Après le conflit commercial, la guerre monétaire? Les puissantes banques centrales américaine et européenne, la Fed et la BCE, rivalisent de bonne volonté pour soutenir leurs économies respectives, au risque de crisper encore davantage les relations entre les Etats-Unis et l’Europe.

Le patron de la Banque centrale européenne (BCE) Mario Draghi a secoué les marchés mardi en assurant que des “mesures de relance supplémentaires seront nécessaires” si l’inflation en zone euro reste apathique, signalant une conjoncture paresseuse.

Le président de la Réserve fédérale, Jerome Powell, a lui infléchi son vocabulaire dans une conférence de presse très attendue mercredi, parlant d’incertitudes “clairement accrues” pour la première puissance mondiale, et estimant avoir “plus d’arguments” pour soutenir l’économie.

Les marchés y ont immédiatement vu l’annonce de prochaines baisses des taux, faisant par exemple tomber sous 2% le rendement des bons du Trésor américains à dix ans.

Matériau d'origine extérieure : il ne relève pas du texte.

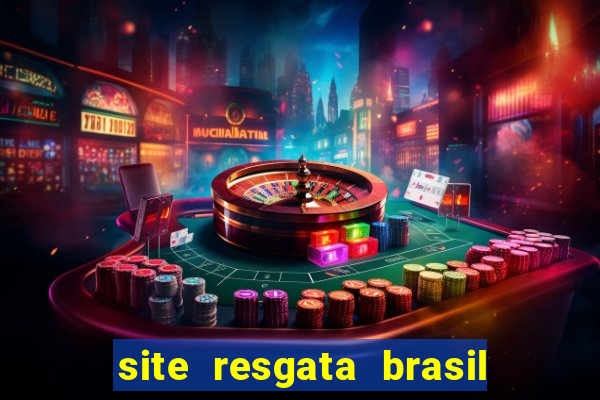 site resgata brasil é confiável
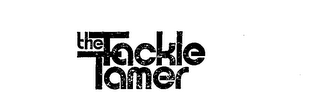 THE TACKLE TAMER trademark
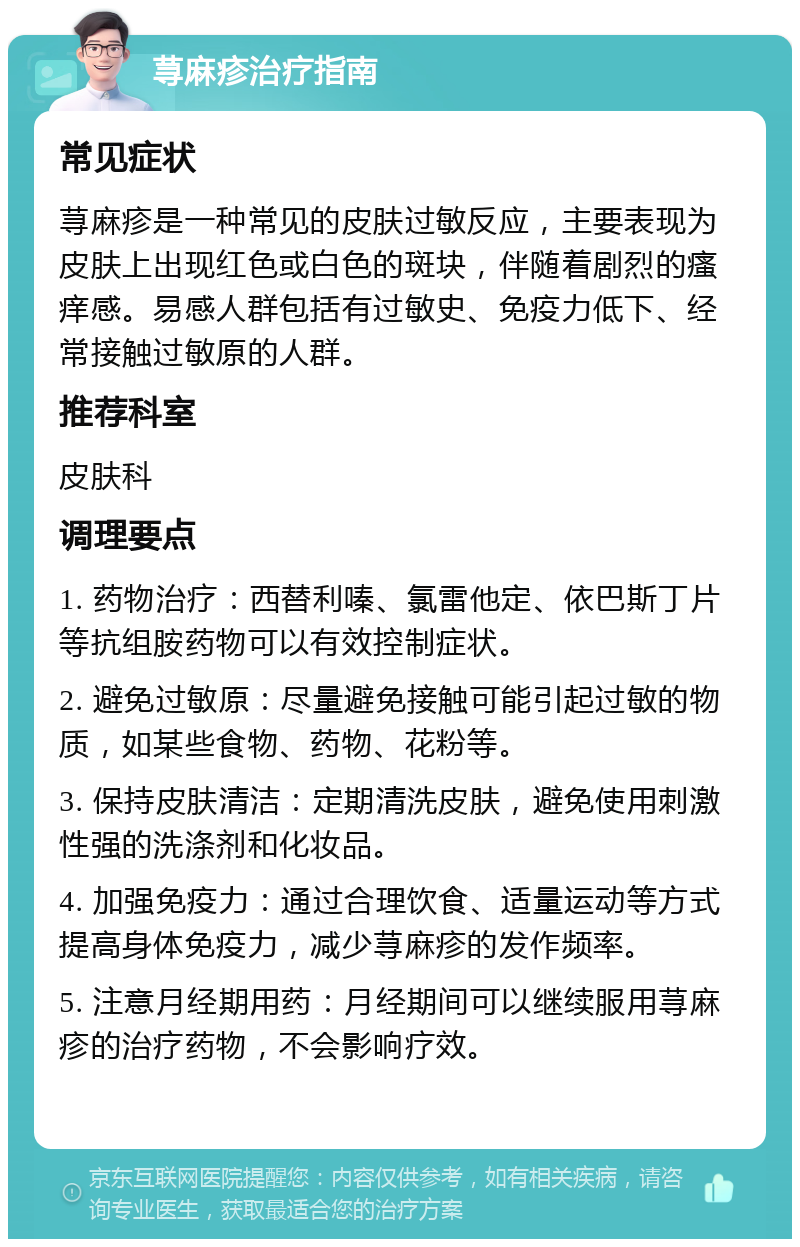 荨麻疹治疗指南 常见症状 荨麻疹是一种常见的皮肤过敏反应，主要表现为皮肤上出现红色或白色的斑块，伴随着剧烈的瘙痒感。易感人群包括有过敏史、免疫力低下、经常接触过敏原的人群。 推荐科室 皮肤科 调理要点 1. 药物治疗：西替利嗪、氯雷他定、依巴斯丁片等抗组胺药物可以有效控制症状。 2. 避免过敏原：尽量避免接触可能引起过敏的物质，如某些食物、药物、花粉等。 3. 保持皮肤清洁：定期清洗皮肤，避免使用刺激性强的洗涤剂和化妆品。 4. 加强免疫力：通过合理饮食、适量运动等方式提高身体免疫力，减少荨麻疹的发作频率。 5. 注意月经期用药：月经期间可以继续服用荨麻疹的治疗药物，不会影响疗效。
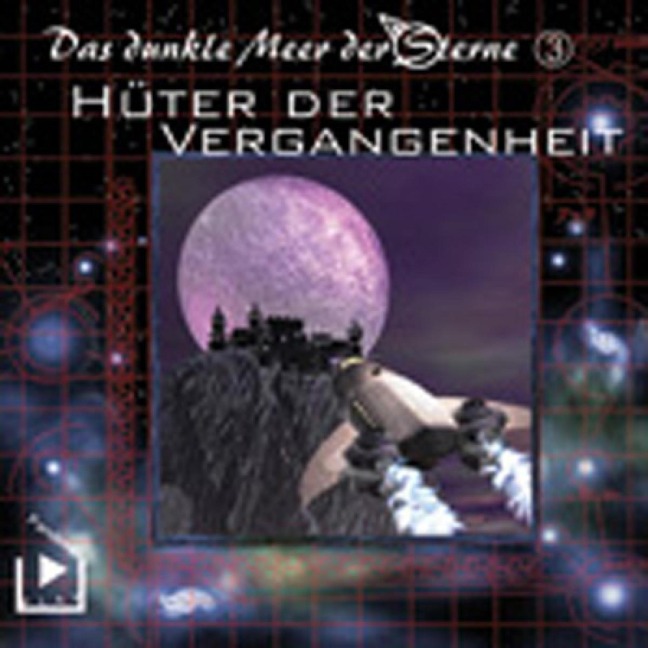 Das dunkle Meer der Sterne 3 - Hüter der Vergangenheit - Dane Rahlmeyer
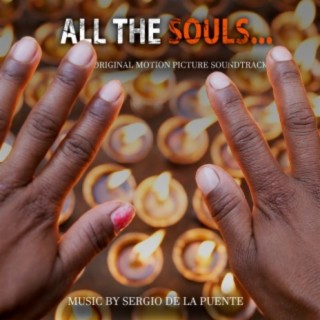 All the Souls... (Original Motion Picture Soundtrack)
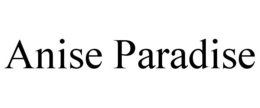 ANISE PARADISE trademark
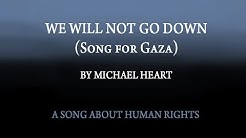 We Will Not Go Down (Song for Gaza Palestine) -  Michael Heart - OFFICIAL VIDEO  - Durasi: 3:12. 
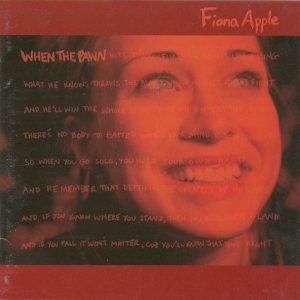 Fiona Apple - When the Pawn... cover art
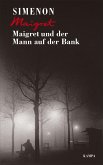 Maigret und der Mann auf der Bank / Kommissar Maigret Bd.41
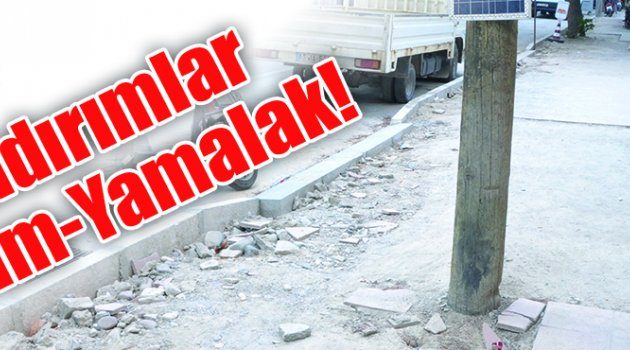 Kaldırımlar Yarım-Yamalak!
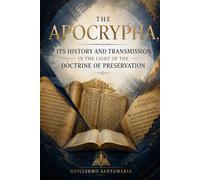 THE APOCRYPHA ITS HISTORY AND TRANSMISSION IN THE LIGHT OF THE DOCTRINE OF PRESERVATION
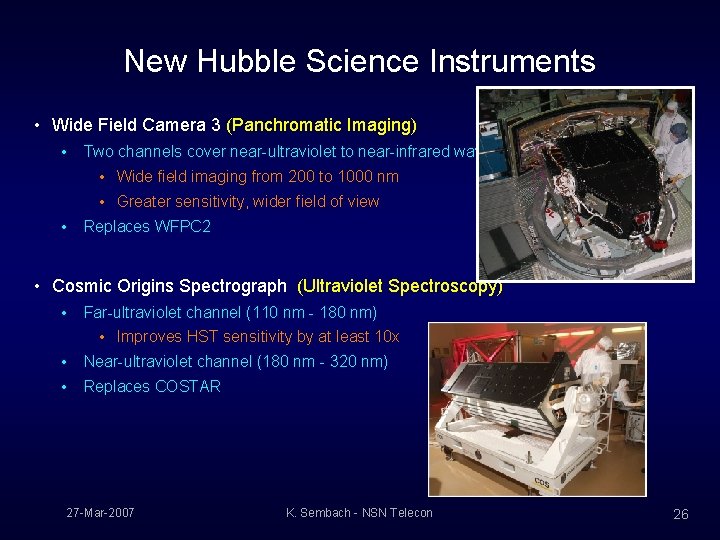 New Hubble Science Instruments • Wide Field Camera 3 (Panchromatic Imaging) • Two channels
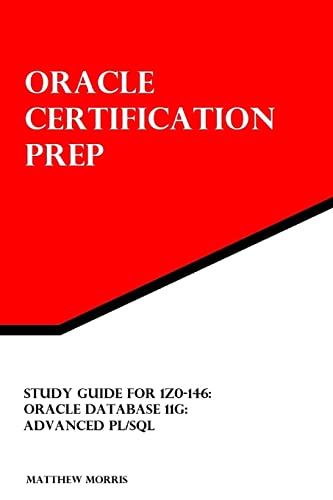 Stock image for Study Guide for 1Z0-146: Oracle Database 11g: Advanced PL/SQL (Oracle Certification Prep) for sale by St Vincent de Paul of Lane County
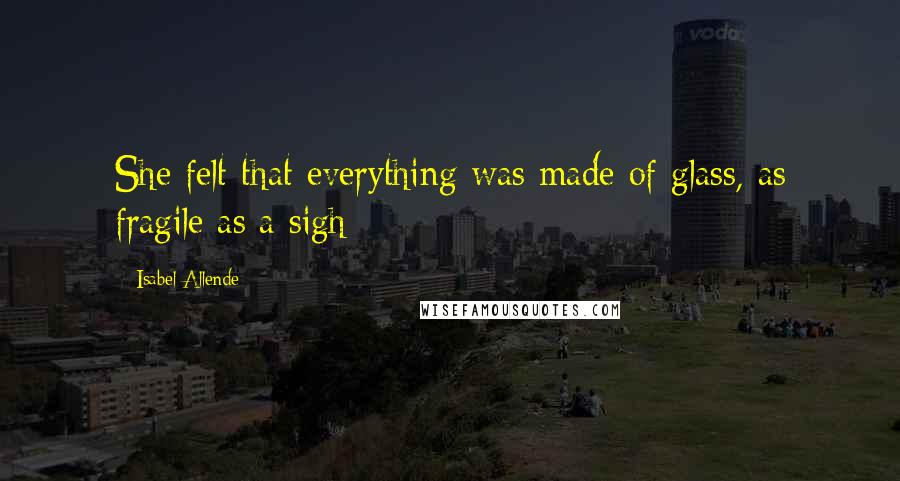 Isabel Allende Quotes: She felt that everything was made of glass, as fragile as a sigh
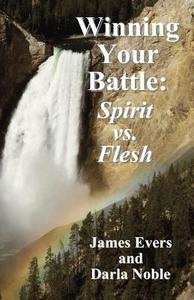 Winning Your Battle: Spirit vs. Flesh di James Evers, Darla Noble edito da Createspace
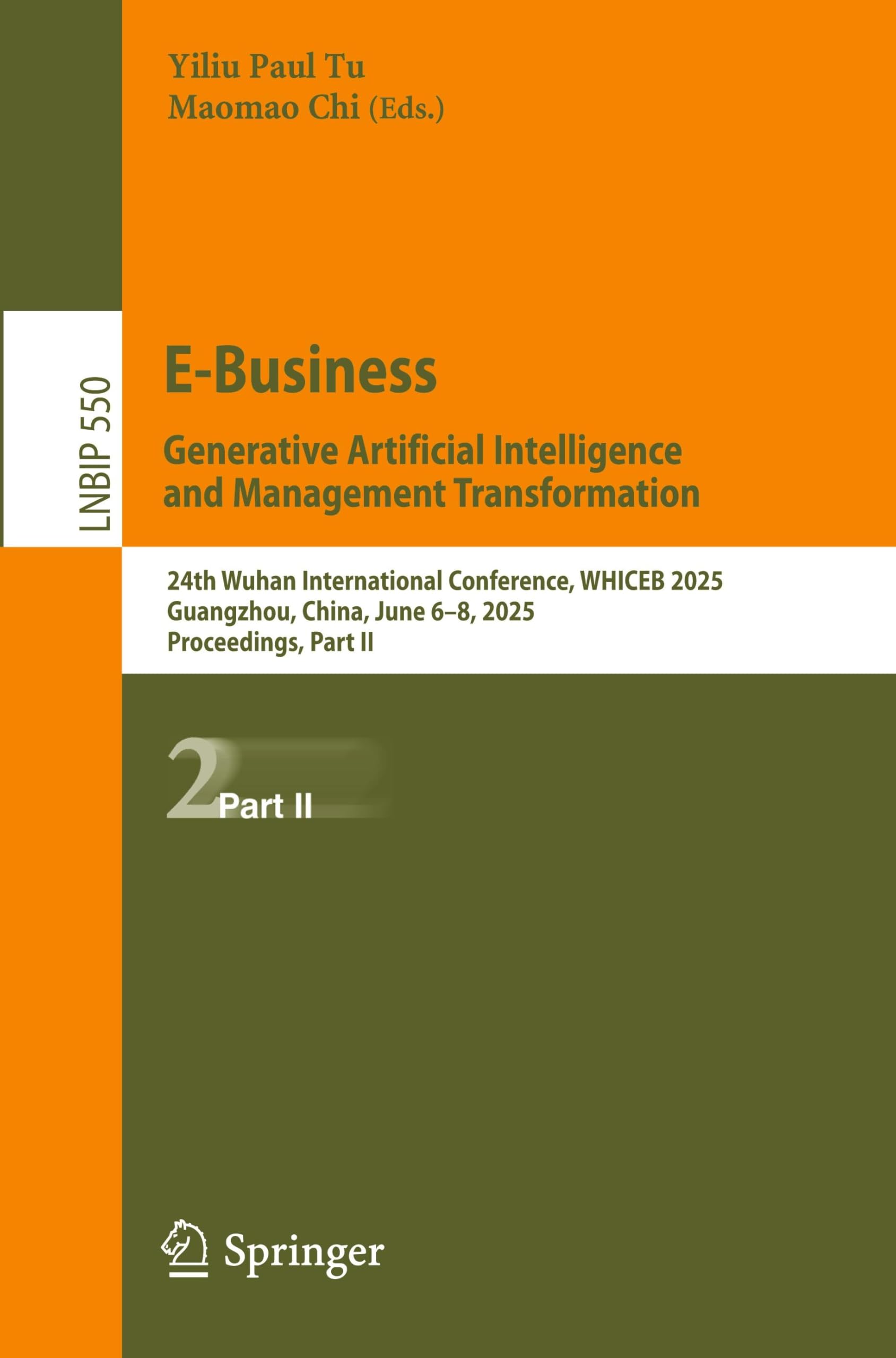 E-Business. Generative Artificial Intelligence and Management Transformation: 24th Wuhan International Conference on E-business, WHICEB 2025, ... Information Processing, 550, Band 550)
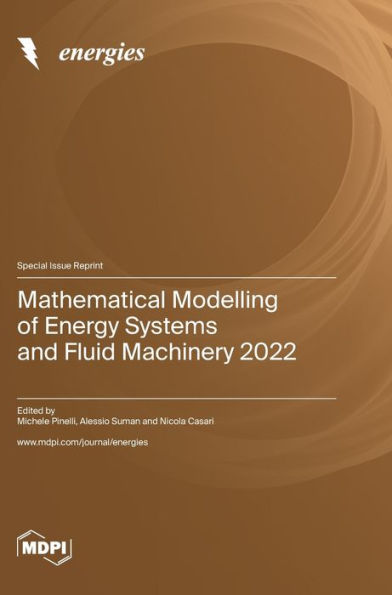 Mathematical Modelling Of Energy Systems And Fluid Machinery 2022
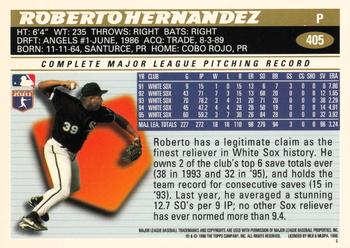 1996 Topps Team Topps Chicago White Sox #405 Roberto Hernandez Back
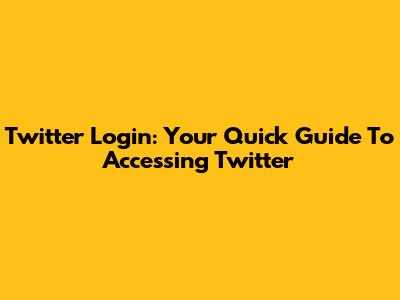 Twitter Login: Your Quick Guide To Accessing Twitter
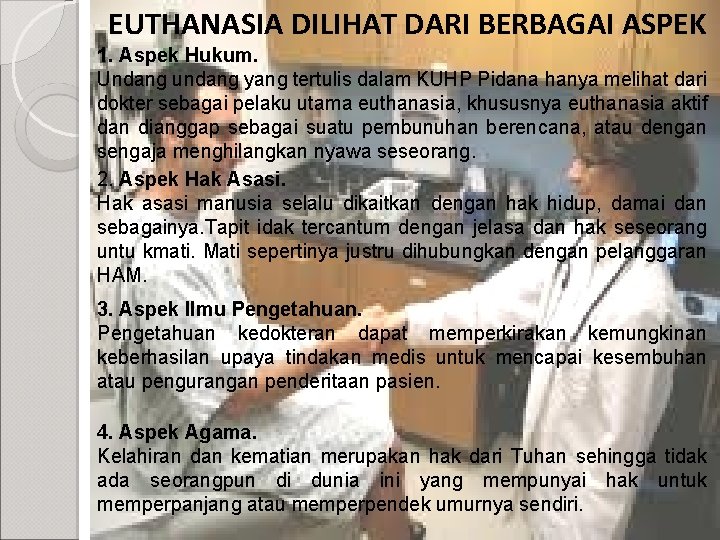 EUTHANASIA DILIHAT DARI BERBAGAI ASPEK 1. Aspek Hukum. Undang undang yang tertulis dalam KUHP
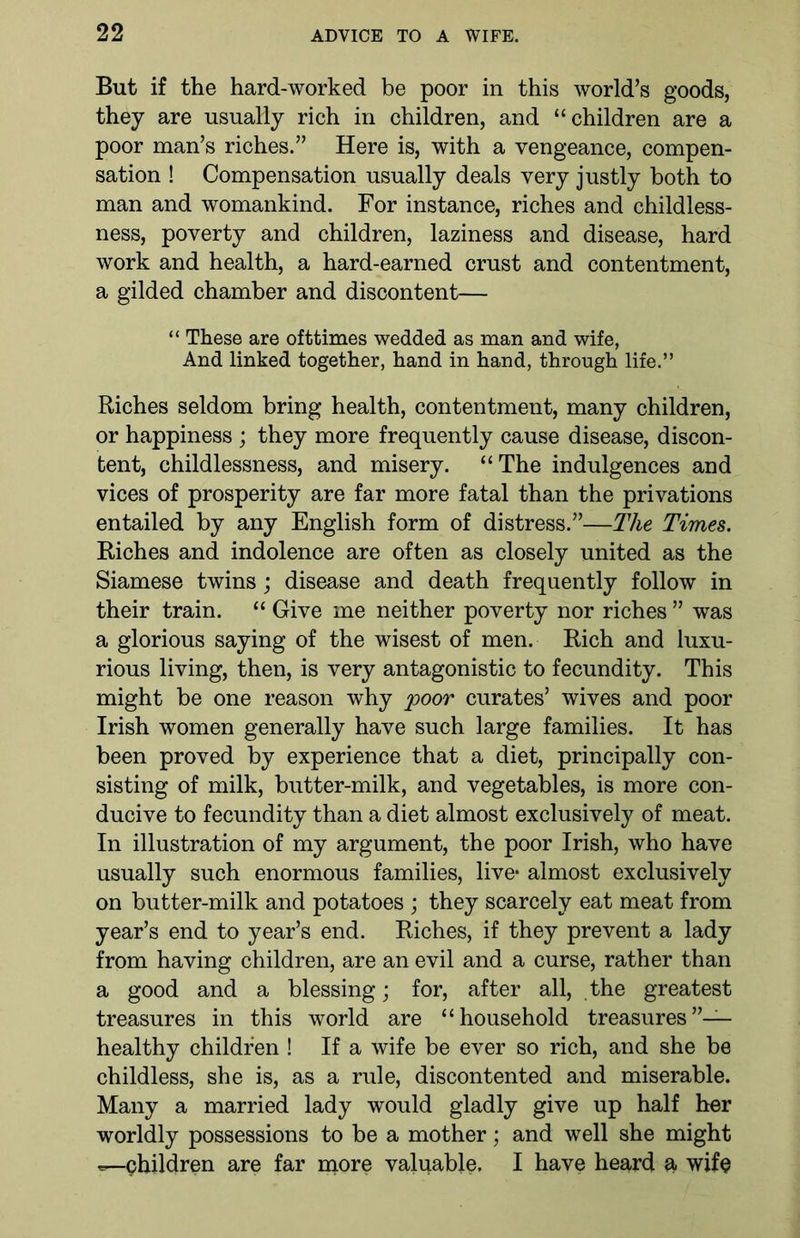 But if the hard-worked be poor in this world’s goods, they are usually rich in children, and “children are a poor man’s riches.” Here is, with a vengeance, compen- sation ! Compensation usually deals very justly both to man and womankind. For instance, riches and childless- ness, poverty and children, laziness and disease, hard work and health, a hard-earned crust and contentment, a gilded chamber and discontent— “ These are ofttimes wedded as man and wife, And linked together, hand in hand, through life.” Riches seldom bring health, contentment, many children, or happiness ; they more frequently cause disease, discon- tent, childlessness, and misery. “The indulgences and vices of prosperity are far more fatal than the privations entailed by any English form of distress.”—The Times. Riches and indolence are often as closely united as the Siamese twins; disease and death frequently follow in their train. “ Give me neither poverty nor riches ” was a glorious saying of the wisest of men. Rich and luxu- rious living, then, is very antagonistic to fecundity. This might be one reason why poor curates’ wives and poor Irish women generally have such large families. It has been proved by experience that a diet, principally con- sisting of milk, butter-milk, and vegetables, is more con- ducive to fecundity than a diet almost exclusively of meat. In illustration of my argument, the poor Irish, who have usually such enormous families, live* almost exclusively on butter-milk and potatoes ; they scarcely eat meat from year’s end to year’s end. Riches, if they prevent a lady from having children, are an evil and a curse, rather than a good and a blessing; for, after all, the greatest treasures in this world are “household treasures”— healthy children ! If a wife be ever so rich, and she be childless, she is, as a rule, discontented and miserable. Many a married lady would gladly give up half her worldly possessions to be a mother; and well she might children are far more valuable. I have heard a wife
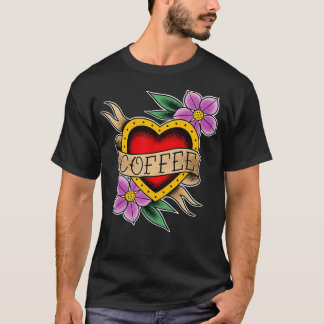 Coffee Heart Traditional Tattoo Design for Coffee  T-Shirt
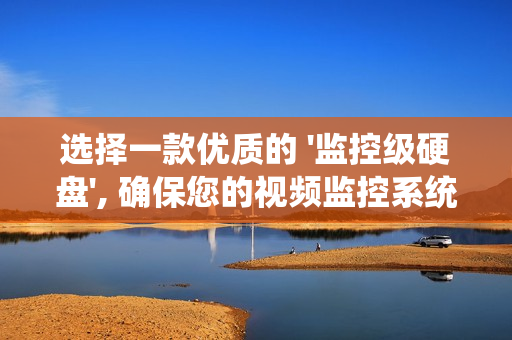 选择一款优质的 '监控级硬盘', 确保您的视频监控系统安全可靠运行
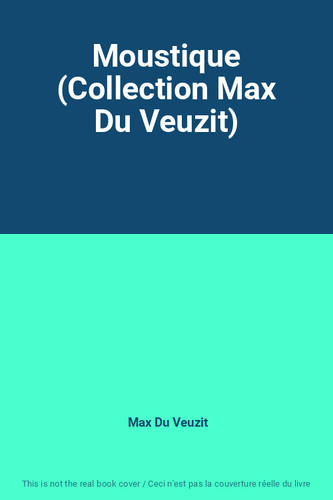 Moustique collection max du - moustique, (collection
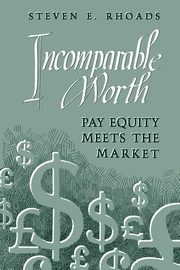 Incomparable Worth, Rhoads Steven E.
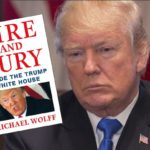 Fire and Fury: Inside the Trump White House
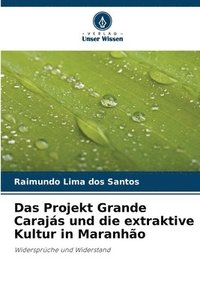 bokomslag Das Projekt Grande Carajs und die extraktive Kultur in Maranho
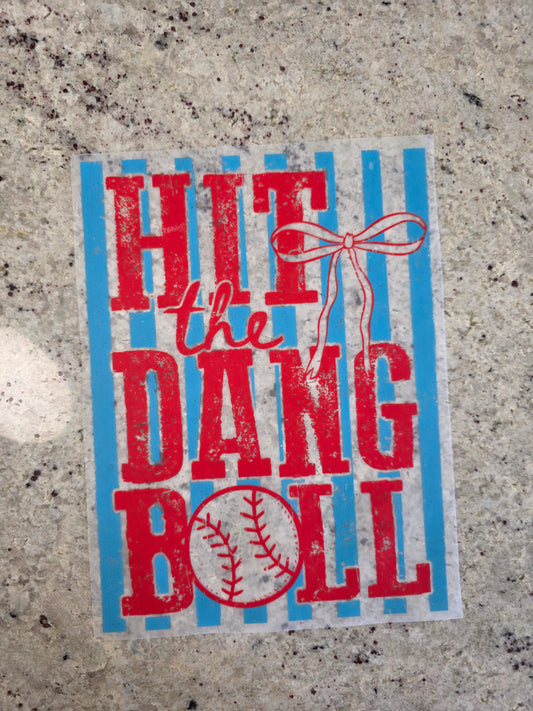 Hit The Dang Ball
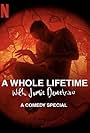 A Whole Lifetime with Jamie Demetriou (2023)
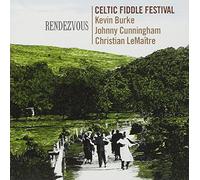 Kevin Burke Johnny Cunningham Christian LeMaitre - Celtic Fiddle Festival - Kevin Burke Johnny Cunningham Christian LeMaitre GLCD 1216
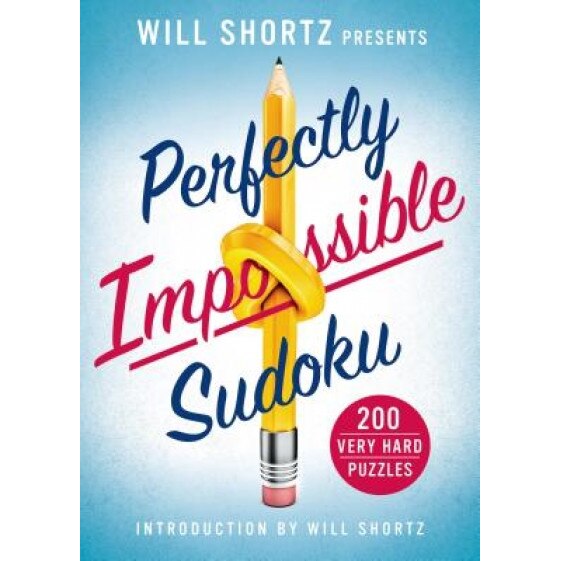 Will Shortz Presents Perfectly Impossible Sudoku: 200 Very Hard Puzzles, Will Shortz (Editor)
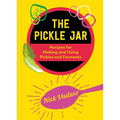 The Pickle Jar: Recipes for Making and Using Pickles and Ferments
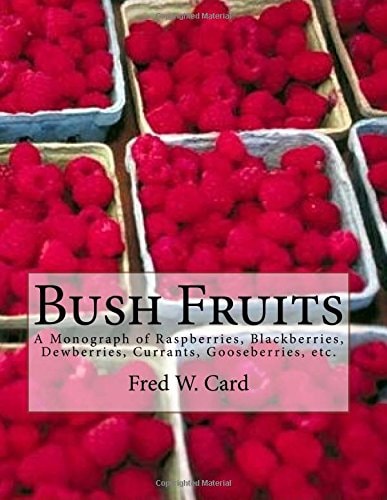 Bush Fruits A Monograph of Raspberries, Blackberries, Dewberries, Currants, Gooseberries, Etc.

Aux échanges feutrés des banquiers centraux s’est superposé le dialogue plus rude des dirigeants politiques, des deux côtés de l’Atlantique.

Donald Trump a accusé le patron de la BCE de chercher par ses propos à “faire chuter” la monnaie unique européenne. Et donc à donner un “avantage injuste” aux exportateurs de la zone euro.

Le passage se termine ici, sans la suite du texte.